|
|
|
|
Domates Atma Hikayesi
Brandebourg eyaletinin başbakanının yüzüne işsizlerin yaptığı bir gösteride domates atıldı.
Christophe Colombe domatesi 15. yüzyılda Avrupa'ya taşıdığında onu 'altın elma' ve 'aşk elması' diye adlandıranlar çıkmış. Ama üç asır boyunca el sürmemişler 'zehirli galiba' diyerek. Yunanlı bir alim, 'Kokusundan dahi belli ne kadar zehirli olduğu' demiş. Müslümanlar mekruh saymışlar bir dönem.

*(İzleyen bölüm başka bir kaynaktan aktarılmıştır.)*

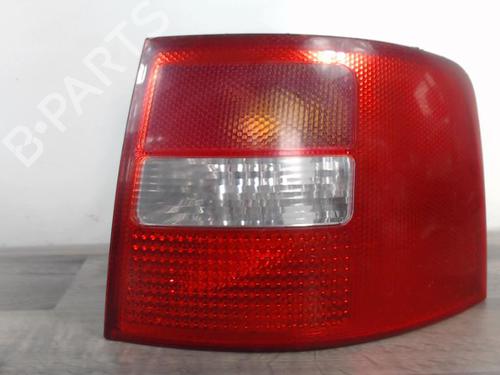 Used Right taillight AUDI A6 C5 Avant (4B5, 4B6) 2.5 TDI (163 hp) 25619713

Almanlar, cadıların kurt adamları cezbetmek için domates kullandıklarına inanıyorlarmış. Braudel'in Medeniyetler Tarihi'nde, Avrupalı bir gezginden aktararak, 'Bizim Avrupa'da çöpe attığımız ve yenmez diye düşündüğümüz ne varsa onlar yiyorlar' diye bahsettiği Çinliler bile domatesi yememiş uzun süre. Hatta Çinliler hiç anlayamamışlar, tutup kokusundan yanına yaklaşılamadığını da yazmışlar. Colombe'la birlikte Amerika'ya giden denizcilerin neredeyse hepsinin Basklı olması münasebetiyle domates Fransa'da, önce güneyde bir uçtan, öbür uca yayılmış. Sonra ihtilalin ardından Marsilyalılar Paris'e taşımışlar domatesi. Bir rivayete göre özgürlügün de sembolüymüş o zamanlar rengi nedeniyle.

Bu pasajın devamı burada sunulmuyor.